### TASK
Could you retype every entry below exactly as written?

### INPUT RECORDS
§ §
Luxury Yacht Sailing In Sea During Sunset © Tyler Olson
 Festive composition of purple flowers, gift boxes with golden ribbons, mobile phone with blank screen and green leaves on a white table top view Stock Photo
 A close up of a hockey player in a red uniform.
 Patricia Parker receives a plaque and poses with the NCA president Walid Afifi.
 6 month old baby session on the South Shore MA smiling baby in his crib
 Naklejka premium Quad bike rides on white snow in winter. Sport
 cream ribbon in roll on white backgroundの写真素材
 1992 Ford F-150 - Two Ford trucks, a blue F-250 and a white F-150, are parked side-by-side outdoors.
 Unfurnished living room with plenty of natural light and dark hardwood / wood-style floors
§ §
### WRITTEN REPLY
Luxury Yacht Sailing In Sea During Sunset © Tyler Olson
 Festive composition of purple flowers, gift boxes with golden ribbons, mobile phone with blank screen and green leaves on a white table top view Stock Photo
 A close up of a hockey player in a red uniform.
 Patricia Parker receives a plaque and poses with the NCA president Walid Afifi.
 6 month old baby session on the South Shore MA smiling baby in his crib
 Naklejka premium Quad bike rides on white snow in winter. Sport
 cream ribbon in roll on white backgroundの写真素材
 1992 Ford F-150 - Two Ford trucks, a blue F-250 and a white F-150, are parked side-by-side outdoors.
 Unfurnished living room with plenty of natural light and dark hardwood / wood-style floors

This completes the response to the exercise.